Lautstärkemixer öffnen. Wenn der Monitor dort noch nicht steht, click auf den Pfeil neben den Lautsprechern und wähle aus der Liste dort das Gerät aus. Kann sein das dort die Lautsprecher deaktiviert sind, das Symbol ist dann unten durchgestrichen.


Ansonsten kann man das ganze auch noch über die Grafikkarten Treiber machen.


----------



## Youmaycry (25. Dezember 2012)

Hallo und schonmal danke für deine Hilfe . über VGA und HDMI geht leider weder Bild noch Sound . nur denn ich den Adapter am VGA Kabel habe, bekomme ich Bild . Einstellungen sind soweit ok wie ich das sehe . ich muss das nachher mit dem HDMI Kabel testen.
bin echt n Technik krüppel


----------



## darksilver1 (25. Dezember 2012)

Youmaycry schrieb:


> Hallo und schonmal danke für deine Hilfe . über VGA und HDMI geht leider weder Bild noch Sound . nur denn ich den Adapter am VGA Kabel habe, bekomme ich Bild . Einstellungen sind soweit ok wie ich das sehe . ich muss das nachher mit dem HDMI Kabel testen.
> bin echt n Technik krüppel



Normalerweise sollte der Monitor die Quelle automatisch erkennen, obs nun VGA oder HDMI ist und dementsprechend umschalten, ansonsten manuell auf den Monitor auswählen. Was für ein Monitor und Grafikkarte haste genau?


----------



## Youmaycry (25. Dezember 2012)

es handelt sich um einen BenQ gl2450hm

Grafikkarte bin ich gerade überfragt. 

wenn ich das HDMI Kabel anschliesse komme ich garnicht mehr ins Monitor Menü . er erkennt es nicht


----------



## Ben1982 (23. Dezember 2014)

Hallo Leute, 
Alle Jahre wieder... :-)
Ich habe ein ähnliches Problem mit dem Benq2250H. Der Bildschirm ist an dem HDMI Anschluss der GraKa angeschlossen, am PC wird er als digitales Audiogerät erkannt, auch in den Einstellungen der Graka. Trotzdem bleibt der Ton aus.
Hat jemand ne zündende Idee?
Danke für Eure Antworten!


----------



## Oompf (7. Mai 2018)

Also ich habe 2 Monitore vom Typ BenQ GW2270 erst vor 2 Monaten neu gekauft. Beide haben weder über Klinke noch über HDMI Ton.

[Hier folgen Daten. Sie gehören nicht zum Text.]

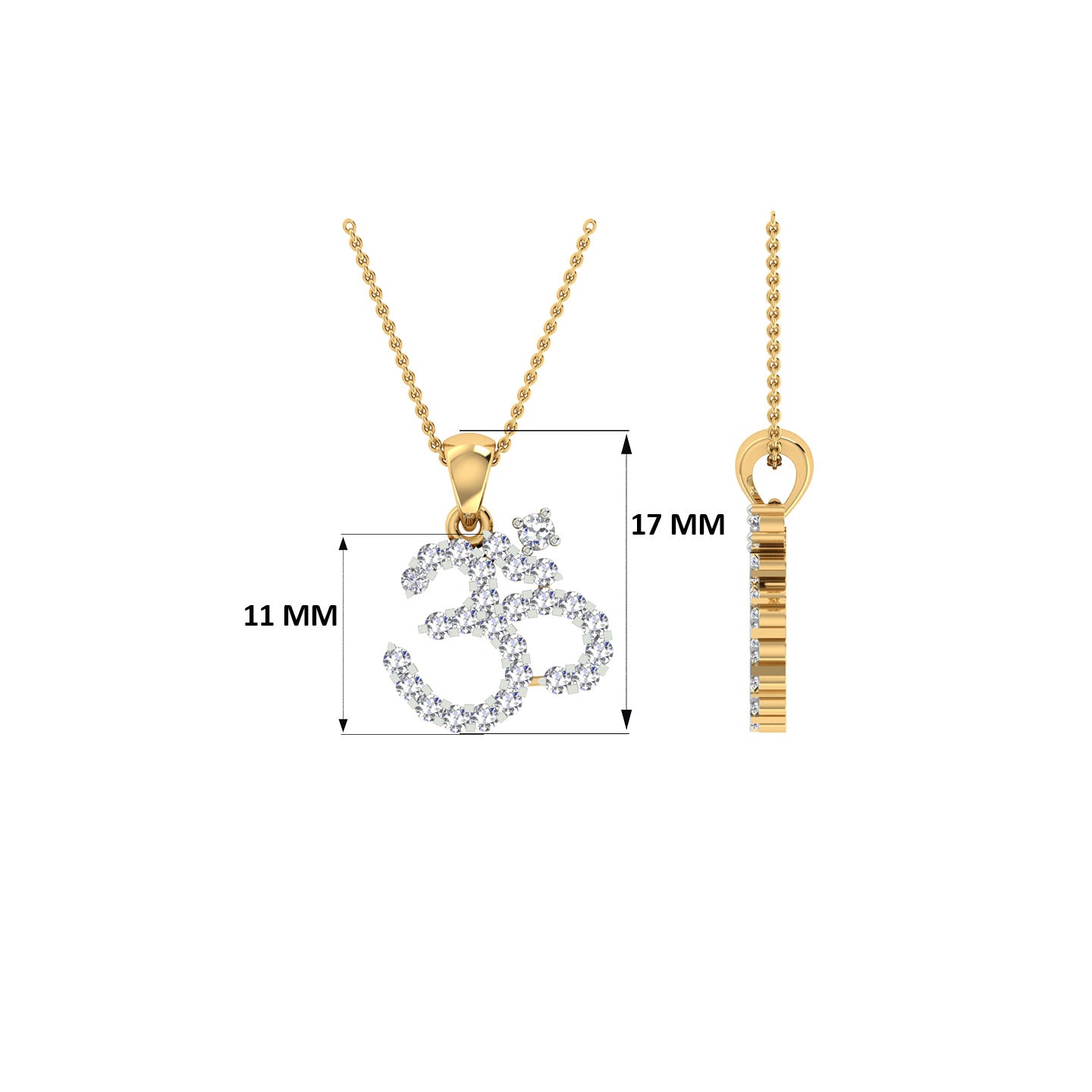 18k Yellow Gold and Diamond Om Pendant with total gold weight of 1.38g.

Und ich habe es direkt mit meinem Fernsehr und einem anderen Monitor im laufenden Film vom DVBc Receiver und vom PC getestet. Mit umstecken des HDMI-Kabels ist bei beiden BenQ Monitoren kein Ton zu hören, sofort aber wieder beim zurückstecken in ein anderes Gerät.

 

Da ich etwas mehr Wums beim Spielen haben möchte würde ich die eh nicht benutzen aber offensichtlich funktioniert bei der ganzen Produktionsserie der Ton nicht. Ich habe auch mit Klinkenstecker keinen Ton und auch die Stummschaltung mal testweise umgekehrt und verschiedene Lautstärkeeinstellungen getestet.

 

Über eine Quellenauswahl für den Ton verfügt das OSD nicht - lediglich Lautstärke und Stummschaltung - allerdings halt ohne jegliche Auswirkung.


----------



## Oompf (5. September 2018)

Oh Gott bin ich dämlich.

Die Artikelbeschreibung beschreibt lediglich einen Klinkensteckeranschluss, die Anleitung die Bedienung der Bildschirm-Menu's (OSD) aber nichtwie man das benutzen sollte.

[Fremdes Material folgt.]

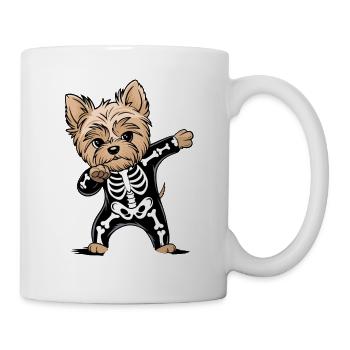 Cute Dog in Skeleton Costume Halloween - Mug - white - Right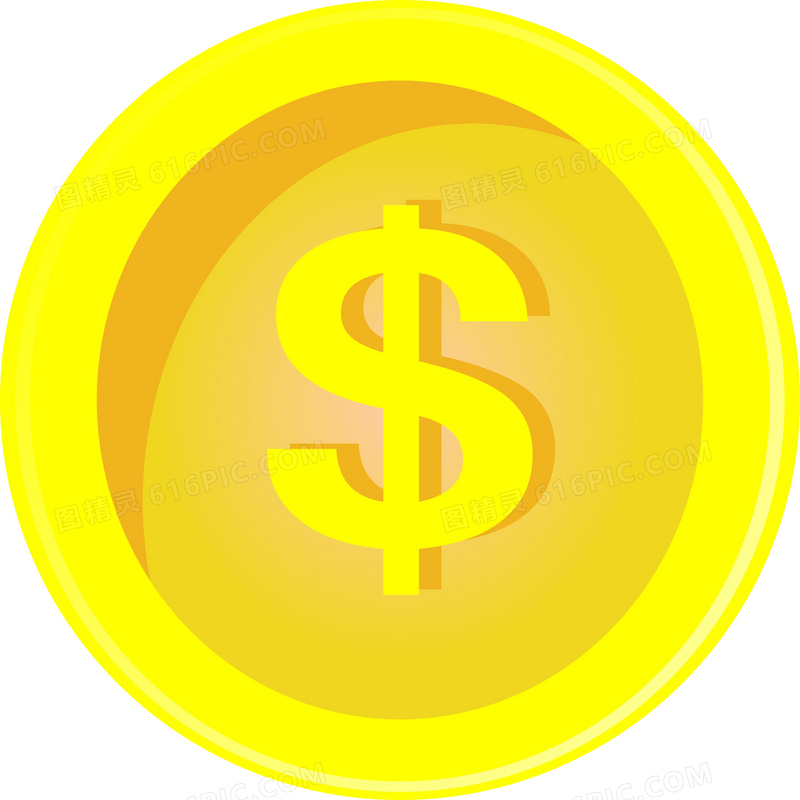 黄色美元图标图片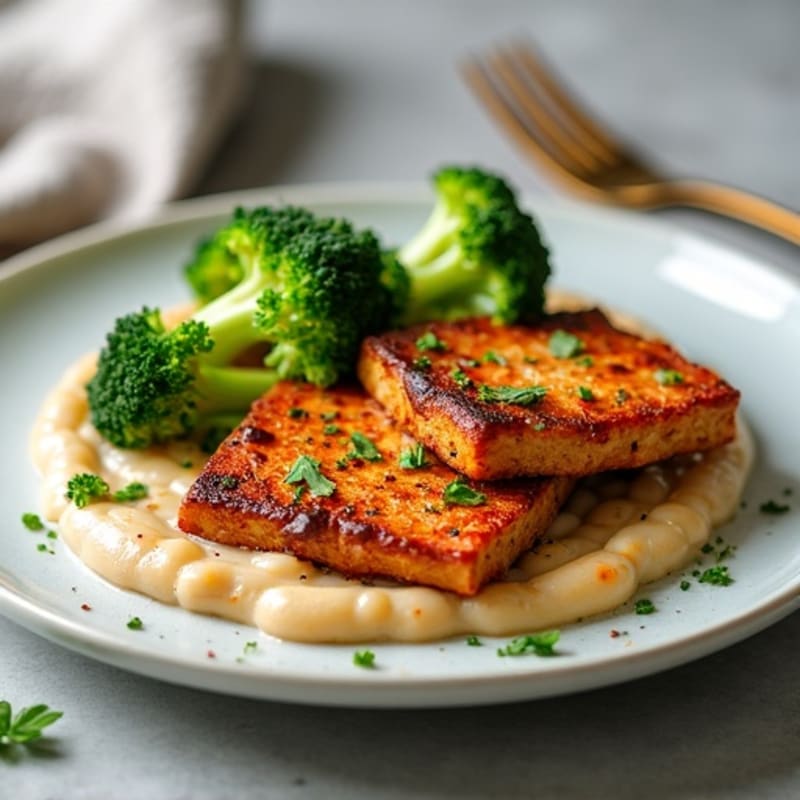 Seared Tempeh Steaks with Roasted Broccoli and White Bean Purée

An einer Stelle habe ich neulich irgendwo mal gelesen "Kopfhörer-Anschluss". Ergo handelt es sich bei diesen Monitoren um welche ohne Lautsprecher. Nur das HDMI-Audio kann über den Kopfhöreranschluss ausgegeben vom OSD des Monitor gesteuert werden.

Das der Klinkenstecker kein Eingang sondern ein Ausgang für den Ton vom HDMI-Eingang ist, wird nicht beim Kauf des Artikels beschrieben und selbst im Handbuch finde ich keinen Hinweis das man den Klinkenstecker mit einem Headset benutzen muss um den Ton von HDMI da auszugeben.

Habe es getestet - das funktioniert tatsächlich.


----------